BRYAN COUNTY, Ga. (WSAV) – A recent ruling from a judge gives leaders here a “green light” to keep enforcing a new fee for builders as well as an interim ordinance that calls for changes in home designs and materials used. That’s according to Bryan County Commission Chair Carter Infinger. First, he says there is a $3,000 Impact Fee designed for transportation needs associated with growth, particularly roads.
“If builders are going to come to our community and build houses I think they need to have some skin in the game. I think they need to help pay for some of the infrastructures that we wouldn’t need if not for the home construction,” said Infinger.
The Impact Fee and what’s known as the “Interim Development Ordinance (IDO) were passed in January with effective dates of April. However, in February the Home Builders Association of Greater Savannah filed suit and sought preliminary injunctions to prevent both from taking effect. The argument is that the County overstepped its authority in terms of some aspects of the IDO and that the changes in the IDO coupled with the Impact fee will greatly add to the price of a home. Bill Glass, an attorney for the Home Builders of Greater Savannah says they estimate the additional cost could be “as much as $20,000.”

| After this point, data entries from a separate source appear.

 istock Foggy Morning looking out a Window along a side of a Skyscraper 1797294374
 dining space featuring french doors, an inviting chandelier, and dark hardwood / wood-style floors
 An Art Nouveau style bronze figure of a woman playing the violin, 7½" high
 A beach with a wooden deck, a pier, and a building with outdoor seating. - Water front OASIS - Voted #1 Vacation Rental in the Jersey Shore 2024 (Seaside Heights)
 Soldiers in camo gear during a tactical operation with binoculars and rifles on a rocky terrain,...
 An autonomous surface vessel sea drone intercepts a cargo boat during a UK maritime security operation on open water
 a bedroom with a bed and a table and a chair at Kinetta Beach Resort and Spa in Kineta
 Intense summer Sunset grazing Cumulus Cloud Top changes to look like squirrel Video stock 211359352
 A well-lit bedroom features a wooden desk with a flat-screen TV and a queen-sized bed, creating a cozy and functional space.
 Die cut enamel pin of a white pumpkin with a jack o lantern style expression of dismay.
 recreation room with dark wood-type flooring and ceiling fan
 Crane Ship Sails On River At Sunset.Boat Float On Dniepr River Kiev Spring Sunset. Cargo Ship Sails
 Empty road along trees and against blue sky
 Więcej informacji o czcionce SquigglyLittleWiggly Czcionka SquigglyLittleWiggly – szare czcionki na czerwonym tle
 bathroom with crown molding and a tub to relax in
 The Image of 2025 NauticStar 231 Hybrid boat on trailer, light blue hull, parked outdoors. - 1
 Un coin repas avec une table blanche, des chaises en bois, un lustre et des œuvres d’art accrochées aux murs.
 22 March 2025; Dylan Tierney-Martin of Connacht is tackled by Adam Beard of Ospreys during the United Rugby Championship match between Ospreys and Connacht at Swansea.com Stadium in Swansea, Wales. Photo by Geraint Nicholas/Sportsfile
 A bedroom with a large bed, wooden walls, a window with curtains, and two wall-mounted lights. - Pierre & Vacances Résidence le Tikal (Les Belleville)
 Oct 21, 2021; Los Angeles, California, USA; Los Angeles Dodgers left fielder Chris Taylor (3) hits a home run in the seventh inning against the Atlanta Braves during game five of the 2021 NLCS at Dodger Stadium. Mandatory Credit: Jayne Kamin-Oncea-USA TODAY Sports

While the builders’ group has tried to prevent the changes, a judge recently ruled against the Home Builders of Greater Savannah on both the fee and the interim ordinance.
Infinger says that means they will keep collecting the Impact fee and move forward with enforcing the ordinance changes. He says many are designed to provide more safe housing especially in terms of storms and hurricanes. “So, we want to maintain for our citizens a safe environment and other communities do it and so again we’re not doing anything that other communities aren’t doing,” he said.
Glass however offered a very different perspective saying the IDO oversteps on a lot of things that have nothing to do with health and safety but rather aesthetics. “When they go far beyond that (health and safety) then they are into the rights of private property and private citizens,” said Glass. “The Government shouldn’t be in the business of telling you what design your house should be or how many roof plains it should be or how your garage should be set back. That’s for builders and for buyers to decide.”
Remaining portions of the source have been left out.